Turns out that's my personal interpretation of Hell. It was, for me, the absolute worst thing I've ever experienced, and worse than anything I can imagine.

>> No.7626332

>>7623382
your argument doesn't really acknowledge the subtleties here. the basic problem your argument has is whether or not omnipotence includes the ability to do things that are logically impossible, and it obviously doesn't.

if it doesn't include being able to do impossible things, then there is no problem he cant do it, because he doesnt have to.


if for some ridiculous reason you think it should include things that are logically impossible then your faced with these possibilities :

a hot burrito that cant be eaten by an omnipotent thing is nonsense , from the definition of omnipotence.

>omnipotence does require god to do things that are logically impossible and he can eat the burrito
then by the definition of omnipotence, he can eat it and since were disregarding logic, by allowing logically impossible things, we cannot say there is a problem here logically. if he is omnipotent, and doing logically impossible things is a prerequisite to omnipotence, he can do it.

>omnipotence does require god to do things that are logically impossible and he cant eat the burrito
again since we've disregarded logic there is no problem, we cant argue it violates the definition since this is another logically impossible thing that he should be able to do, along with an infinite amount of other, contradictory things.

asking god to make a stone he cant lift is similar to asking someone to move forwards and backwards simultaneously or demanding someone draws a square circle. and god cant multiply two positive numbers and get a negative one either, it can't be done because in fact there isn't anything for him to actually do. its a poorly formed demand, and that lies in the fault of the asker, not of god.

none of this is an argument for god, just a refutation that your argument disproves an omnipotent god, logically.

>> No.7627674

souls m8
its what separates a living creature from an ultra-intelligent machine

>> No.7627678

>mfw we would all get worried if we found out that the earth will get sucked into a black hole in 60-80 years and wonder what would happen to us in that void and what we'd see and feel (if anything)
>tfw we don't realize that all our lives are going to end in around that time period anyway, and we will enter the void, of no thinking, seeing, hearing

>> No.7627694
File: 696 KB, 2560x1920, please-don't-die.jpg [View same] [iqdb] [saucenao] [google]
7627694

Of course you won't like the void, although you won't dislike it either. You literally do not exist anymore. You literally have no concept of friends, family, obligations, emotions, thought, happiness, sadness, worry, the future, etc. Actually, being upset over it is completely irrational.

Imagine a computer freaking out about being turned off one night. It's just wasting its function. I'd prefer to just indulge in human activities and allow my brain to thrive in the way that brains thrive.

>> No.7627739

>>7627694
What is that image from?

>> No.7627750

>>7627739
Genki 1 Japanese Workbook

>> No.7627817

>>7620639
Exactly this
Once you are in that endless void, you won't even be conscious. Its just like an eternal sleep but no dreams. If somehow you are reincarnated, you won't have any of your memories of past life.

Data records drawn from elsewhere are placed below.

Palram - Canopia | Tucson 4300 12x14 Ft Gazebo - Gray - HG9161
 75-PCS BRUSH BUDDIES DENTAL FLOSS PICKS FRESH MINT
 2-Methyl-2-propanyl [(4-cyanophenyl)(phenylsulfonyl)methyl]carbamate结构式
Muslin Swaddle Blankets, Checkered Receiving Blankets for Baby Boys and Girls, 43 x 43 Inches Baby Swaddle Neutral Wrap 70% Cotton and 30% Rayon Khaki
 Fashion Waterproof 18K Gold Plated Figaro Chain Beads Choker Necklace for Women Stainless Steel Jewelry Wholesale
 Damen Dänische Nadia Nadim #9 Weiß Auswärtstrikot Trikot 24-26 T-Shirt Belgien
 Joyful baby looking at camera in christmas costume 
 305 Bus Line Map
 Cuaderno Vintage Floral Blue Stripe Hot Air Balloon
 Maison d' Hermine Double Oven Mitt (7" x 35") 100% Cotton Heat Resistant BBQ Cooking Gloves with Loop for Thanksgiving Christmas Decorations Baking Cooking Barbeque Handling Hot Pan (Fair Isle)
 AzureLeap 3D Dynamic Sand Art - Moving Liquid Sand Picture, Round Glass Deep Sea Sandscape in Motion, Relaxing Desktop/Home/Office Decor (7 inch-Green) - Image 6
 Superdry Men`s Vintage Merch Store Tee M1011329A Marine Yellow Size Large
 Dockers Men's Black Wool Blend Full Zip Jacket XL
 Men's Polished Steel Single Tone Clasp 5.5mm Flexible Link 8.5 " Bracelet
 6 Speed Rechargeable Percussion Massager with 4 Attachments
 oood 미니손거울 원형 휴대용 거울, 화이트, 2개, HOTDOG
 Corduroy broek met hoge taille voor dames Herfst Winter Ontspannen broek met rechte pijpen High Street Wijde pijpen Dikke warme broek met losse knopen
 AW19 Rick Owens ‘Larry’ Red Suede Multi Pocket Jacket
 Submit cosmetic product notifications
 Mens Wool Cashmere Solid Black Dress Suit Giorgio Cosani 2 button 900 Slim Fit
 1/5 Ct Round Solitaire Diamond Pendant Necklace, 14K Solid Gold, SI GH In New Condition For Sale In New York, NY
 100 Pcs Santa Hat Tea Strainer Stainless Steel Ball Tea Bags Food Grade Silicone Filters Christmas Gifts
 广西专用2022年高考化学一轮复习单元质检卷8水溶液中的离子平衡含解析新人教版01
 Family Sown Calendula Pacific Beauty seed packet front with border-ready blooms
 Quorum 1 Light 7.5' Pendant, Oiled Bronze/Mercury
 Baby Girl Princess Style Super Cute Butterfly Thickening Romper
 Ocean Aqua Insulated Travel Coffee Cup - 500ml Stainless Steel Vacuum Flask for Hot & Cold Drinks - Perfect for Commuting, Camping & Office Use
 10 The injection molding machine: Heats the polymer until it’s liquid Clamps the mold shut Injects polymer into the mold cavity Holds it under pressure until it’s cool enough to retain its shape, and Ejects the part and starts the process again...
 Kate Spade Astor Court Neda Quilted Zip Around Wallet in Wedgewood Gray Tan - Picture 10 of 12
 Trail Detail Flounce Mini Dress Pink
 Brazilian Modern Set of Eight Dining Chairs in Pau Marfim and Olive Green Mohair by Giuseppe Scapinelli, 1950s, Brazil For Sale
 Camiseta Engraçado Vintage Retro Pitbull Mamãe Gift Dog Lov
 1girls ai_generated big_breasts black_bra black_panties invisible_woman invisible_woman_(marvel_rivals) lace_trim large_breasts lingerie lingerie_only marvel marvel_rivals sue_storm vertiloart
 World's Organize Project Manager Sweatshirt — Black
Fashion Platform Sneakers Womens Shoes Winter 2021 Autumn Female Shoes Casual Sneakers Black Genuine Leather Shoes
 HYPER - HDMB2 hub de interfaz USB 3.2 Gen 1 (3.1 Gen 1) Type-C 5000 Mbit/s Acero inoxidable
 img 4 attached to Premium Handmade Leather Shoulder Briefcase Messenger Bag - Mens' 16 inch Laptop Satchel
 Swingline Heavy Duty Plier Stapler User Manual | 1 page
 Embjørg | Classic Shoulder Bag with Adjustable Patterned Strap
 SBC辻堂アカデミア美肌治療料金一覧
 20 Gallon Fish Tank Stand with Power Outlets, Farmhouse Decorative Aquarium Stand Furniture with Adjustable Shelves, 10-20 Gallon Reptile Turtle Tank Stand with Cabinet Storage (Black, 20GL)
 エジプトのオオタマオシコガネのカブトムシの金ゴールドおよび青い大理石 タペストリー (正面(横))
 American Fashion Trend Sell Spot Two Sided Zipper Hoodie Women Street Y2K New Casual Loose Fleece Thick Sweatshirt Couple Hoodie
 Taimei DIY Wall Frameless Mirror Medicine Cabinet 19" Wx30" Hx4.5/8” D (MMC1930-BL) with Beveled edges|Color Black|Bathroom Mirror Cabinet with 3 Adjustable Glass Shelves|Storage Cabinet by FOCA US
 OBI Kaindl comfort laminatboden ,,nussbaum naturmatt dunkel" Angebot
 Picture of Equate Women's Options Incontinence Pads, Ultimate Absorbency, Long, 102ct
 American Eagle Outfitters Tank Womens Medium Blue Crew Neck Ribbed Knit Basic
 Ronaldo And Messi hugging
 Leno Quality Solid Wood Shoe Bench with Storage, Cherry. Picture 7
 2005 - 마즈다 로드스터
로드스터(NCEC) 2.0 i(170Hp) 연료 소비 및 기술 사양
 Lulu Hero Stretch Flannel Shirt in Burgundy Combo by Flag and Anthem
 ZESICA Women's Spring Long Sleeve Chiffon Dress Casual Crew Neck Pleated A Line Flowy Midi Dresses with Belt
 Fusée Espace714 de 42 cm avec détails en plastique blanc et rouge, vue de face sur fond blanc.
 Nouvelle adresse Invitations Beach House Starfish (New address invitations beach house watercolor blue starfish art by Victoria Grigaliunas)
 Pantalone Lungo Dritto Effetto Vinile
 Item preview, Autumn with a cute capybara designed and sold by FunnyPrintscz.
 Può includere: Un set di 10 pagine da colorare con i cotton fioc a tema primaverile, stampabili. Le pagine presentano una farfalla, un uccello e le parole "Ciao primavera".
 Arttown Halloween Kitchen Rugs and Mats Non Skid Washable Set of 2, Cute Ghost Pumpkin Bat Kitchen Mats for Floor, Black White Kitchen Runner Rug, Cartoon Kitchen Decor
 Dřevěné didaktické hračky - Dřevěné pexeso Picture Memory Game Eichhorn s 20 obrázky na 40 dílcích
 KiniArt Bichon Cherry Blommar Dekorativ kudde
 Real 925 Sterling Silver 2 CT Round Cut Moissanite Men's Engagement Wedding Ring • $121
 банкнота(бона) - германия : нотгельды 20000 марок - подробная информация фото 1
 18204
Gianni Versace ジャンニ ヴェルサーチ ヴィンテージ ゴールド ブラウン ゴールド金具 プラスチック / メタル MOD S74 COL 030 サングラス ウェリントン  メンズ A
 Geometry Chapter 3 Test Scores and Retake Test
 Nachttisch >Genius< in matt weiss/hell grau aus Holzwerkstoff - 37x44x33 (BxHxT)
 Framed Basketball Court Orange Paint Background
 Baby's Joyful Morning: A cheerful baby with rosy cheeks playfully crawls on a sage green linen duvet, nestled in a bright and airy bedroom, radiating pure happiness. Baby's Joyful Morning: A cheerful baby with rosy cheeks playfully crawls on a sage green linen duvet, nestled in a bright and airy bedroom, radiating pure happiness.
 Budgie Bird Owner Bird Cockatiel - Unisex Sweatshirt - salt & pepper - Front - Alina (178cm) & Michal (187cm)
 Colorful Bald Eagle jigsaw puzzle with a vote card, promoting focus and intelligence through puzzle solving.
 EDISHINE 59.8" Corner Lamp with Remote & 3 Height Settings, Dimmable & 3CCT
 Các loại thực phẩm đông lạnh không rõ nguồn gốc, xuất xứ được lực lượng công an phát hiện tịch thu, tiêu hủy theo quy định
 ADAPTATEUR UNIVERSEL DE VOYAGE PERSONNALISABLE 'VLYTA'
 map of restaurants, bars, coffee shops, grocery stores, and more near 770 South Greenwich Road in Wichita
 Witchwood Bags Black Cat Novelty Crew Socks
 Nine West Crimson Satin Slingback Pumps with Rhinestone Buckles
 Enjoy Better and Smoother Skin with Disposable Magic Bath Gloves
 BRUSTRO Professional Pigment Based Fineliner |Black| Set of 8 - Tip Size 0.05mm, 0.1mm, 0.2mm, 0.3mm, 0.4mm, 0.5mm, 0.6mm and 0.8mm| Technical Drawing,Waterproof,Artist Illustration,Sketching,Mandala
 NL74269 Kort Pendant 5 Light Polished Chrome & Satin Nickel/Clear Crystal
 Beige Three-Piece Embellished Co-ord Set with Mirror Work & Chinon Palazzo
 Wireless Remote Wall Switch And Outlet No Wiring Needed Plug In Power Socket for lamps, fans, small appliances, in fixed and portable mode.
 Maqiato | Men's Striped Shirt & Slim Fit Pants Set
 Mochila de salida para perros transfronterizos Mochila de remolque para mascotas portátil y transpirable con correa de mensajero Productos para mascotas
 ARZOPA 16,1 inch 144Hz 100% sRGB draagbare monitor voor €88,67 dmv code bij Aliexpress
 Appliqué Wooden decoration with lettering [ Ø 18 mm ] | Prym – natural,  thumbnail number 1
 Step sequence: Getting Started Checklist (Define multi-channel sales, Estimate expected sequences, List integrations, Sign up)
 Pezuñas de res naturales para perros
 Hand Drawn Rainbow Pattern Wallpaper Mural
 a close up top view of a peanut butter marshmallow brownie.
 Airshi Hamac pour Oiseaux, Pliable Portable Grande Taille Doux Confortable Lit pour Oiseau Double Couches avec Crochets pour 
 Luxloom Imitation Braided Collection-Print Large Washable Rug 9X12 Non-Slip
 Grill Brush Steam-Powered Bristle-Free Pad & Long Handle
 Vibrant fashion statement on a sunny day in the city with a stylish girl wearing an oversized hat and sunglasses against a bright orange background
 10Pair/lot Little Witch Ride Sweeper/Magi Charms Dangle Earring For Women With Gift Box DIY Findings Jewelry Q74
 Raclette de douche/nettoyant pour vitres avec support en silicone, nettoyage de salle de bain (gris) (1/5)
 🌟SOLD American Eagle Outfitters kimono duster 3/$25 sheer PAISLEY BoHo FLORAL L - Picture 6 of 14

It'd be more interesting if just like a certain movie, this world is just a simulation and our dreams are memories of what happened pre-simulation.

>> No.7627826

>>7620531
This is easily the one thing I have read on the internet that makes any sense to me. This is one of the main reasons that study science as a young adult.

>> No.7629124

When we die, we will be resurrected in the plains of purgatory (possibly on Mercury, with our bodies enhanced so that we can survive in that atmosphere, and tolerate that much heat, but still feel uncomfortable in it)

Then we will be judged on account of all the things we did during our life on Earth. Accordingly we will be sent to either Hell or Heaven

While it is true the idea of infinite mortality in heaven seems monotonous, in a way we won't understand, it won't be.